# What is the domain and range of y=sqrt( x- (3x^2))?

Oct 8, 2017

Domain: $x \left[0 , \frac{1}{3}\right]$
Range: $y \ge 0$

#### Explanation:

First, we'll find the range. (it's easier in this problem)

Since the square root radical is already present, we can say right out of the gate that the range is $y \ge 0$. This is because the square root will only output numbers that are $\ge 0$.

Next, we'll find the domain.

Since you can't take the square root of a negative number, (over the set of real numbers) we'll see what values of $x$ make $x - \left(3 {x}^{2}\right) \ge 0$

$x - 3 {x}^{2} \ge 0$

Just to make it prettier, we'll multiply both sides by negative 1. It makes the coefficient of the squared term positive. Because we are multiplying by a negative, we'll also have to flip the inequality.

$3 {x}^{2} - x \le 0$

We factor out an $x$.

$x \left(3 x - 1\right) \le 0$

However, now we have to use critical number analysis. We'll test various values of $x$ to see if they make the inequality true.

To find critical numbers, we just use the values of $x$ that will make the multipled things equal to zero. If $x$ is less than a critical number, then that multiplied thing will be negative. If it is higher, then it will be positive.

Since we want the number to be less than or equal to zero, we want only one of the two multiplied things ($x$ and $3 x - 1$) to be negative.

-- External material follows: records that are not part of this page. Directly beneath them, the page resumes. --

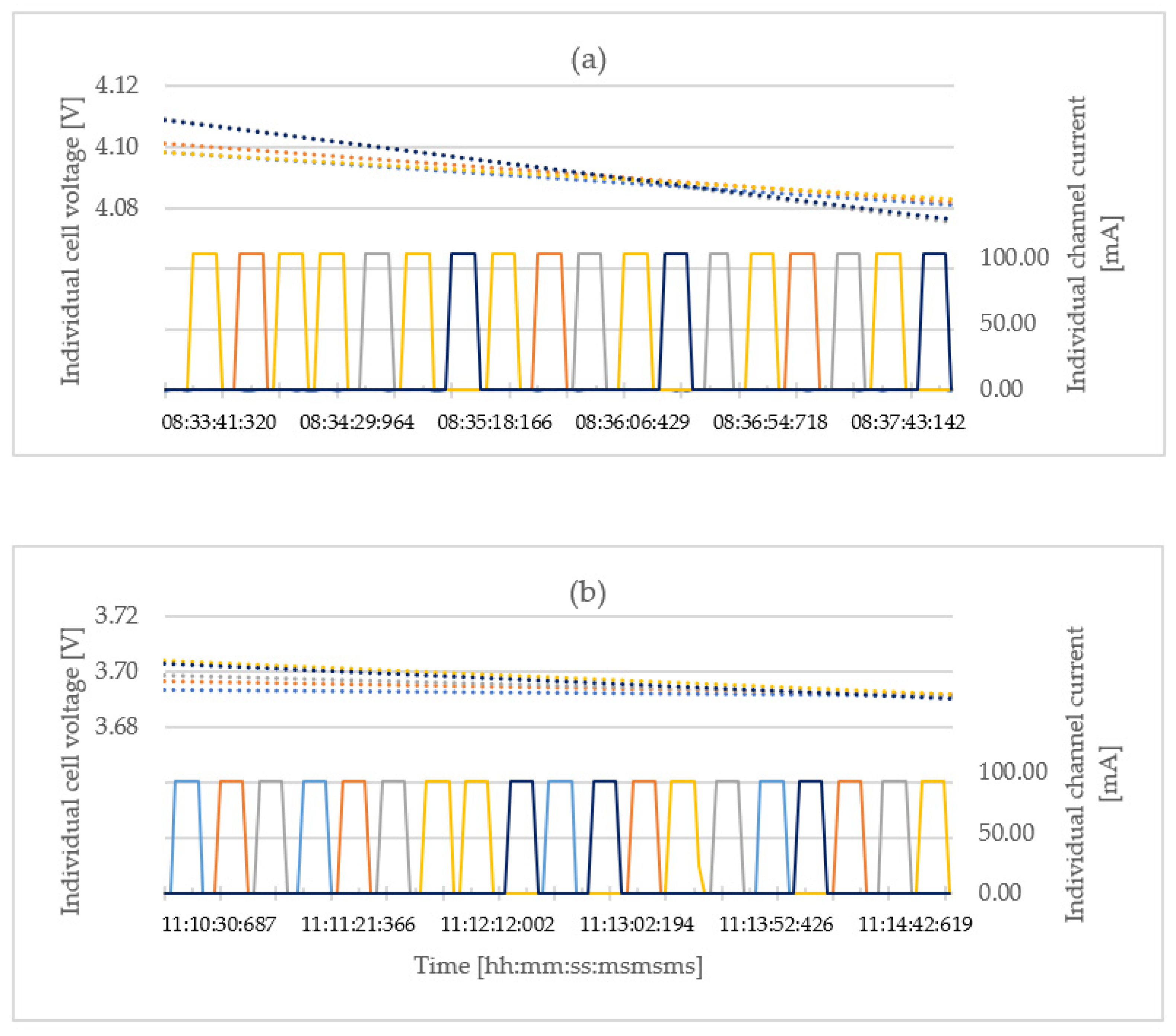 Energies 15 04335 g017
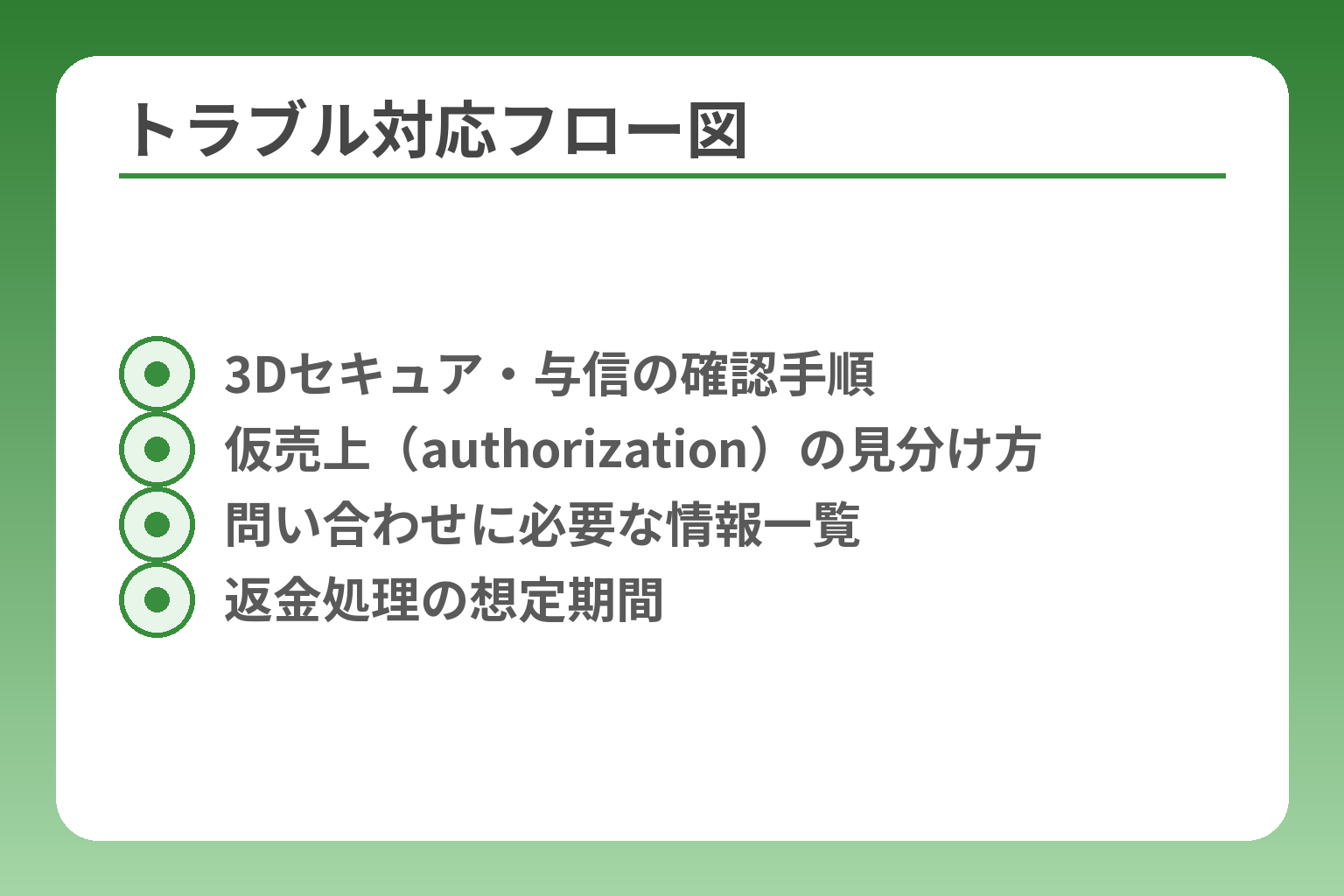 トラブル対応フロー図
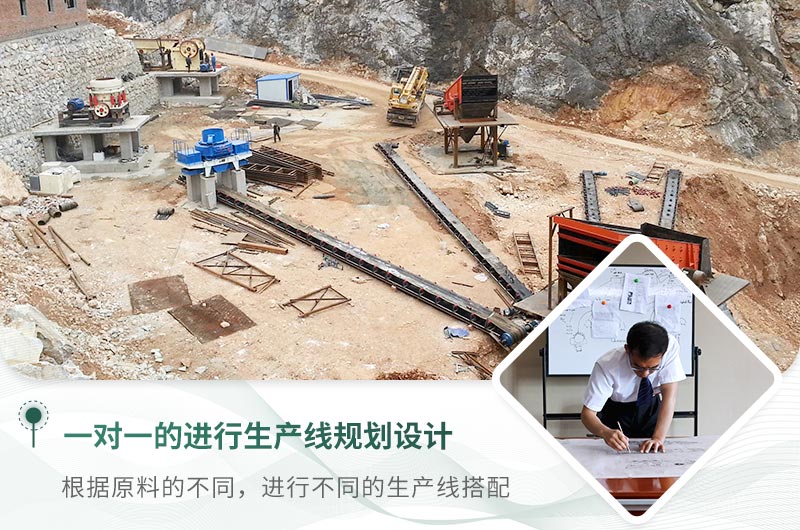 一對(duì)一進(jìn)行生產(chǎn)線方案的定制 一對(duì)一進(jìn)行生產(chǎn)線方案的定制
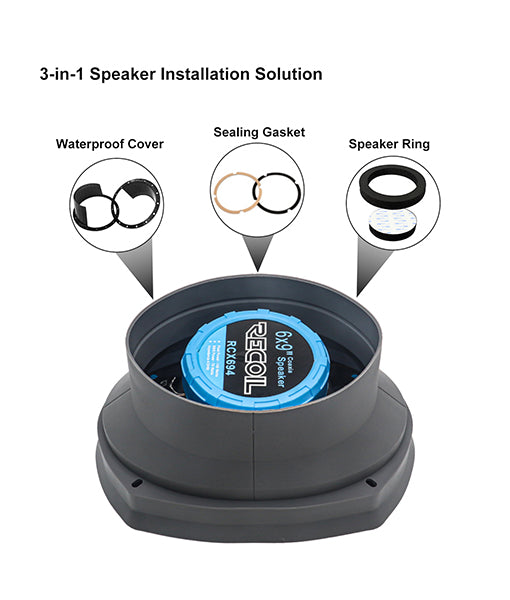 SPB69 - Foldable Silicone Speaker Baffle Kits for 6x9" Speakers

$x = 0 \text{ when } x = 0$

$3 x - 1 = 0 \text{ when } x = \frac{1}{3}$

To start, we'll test a value of $x$ less than both of them.

When $x = - 1$, both $x$ and $3 x - 1$ are negative. A negative times a negative is a positive, meaning that we have a number which is not less than or equal to zero. Therefore, $x$ cannot be less than 0.

Next, we'll try a value of $x$ between our critical numbers, $x = .1$

$x = .1$ makes $x$ positive.

$x = .1$ means that $3 \times .1 - 1$ is negative. We have one positive number and one negative number. We have found some acceptable values of $x$ in the middle of our critical numbers.

Lastly, we have to try a value greater than both critical numbers, $x = 1$

$x = 1$ makes $x$ positive.

$x = 1$ makes $3 \times 1 - 1$ positive, too.

That means that our output will be positive, and therefore greater than zero. It does not work as a solution.

$x$ can therefore be greater than or equal to zero, as long as it's less than or equal to 1/3. That's our domain.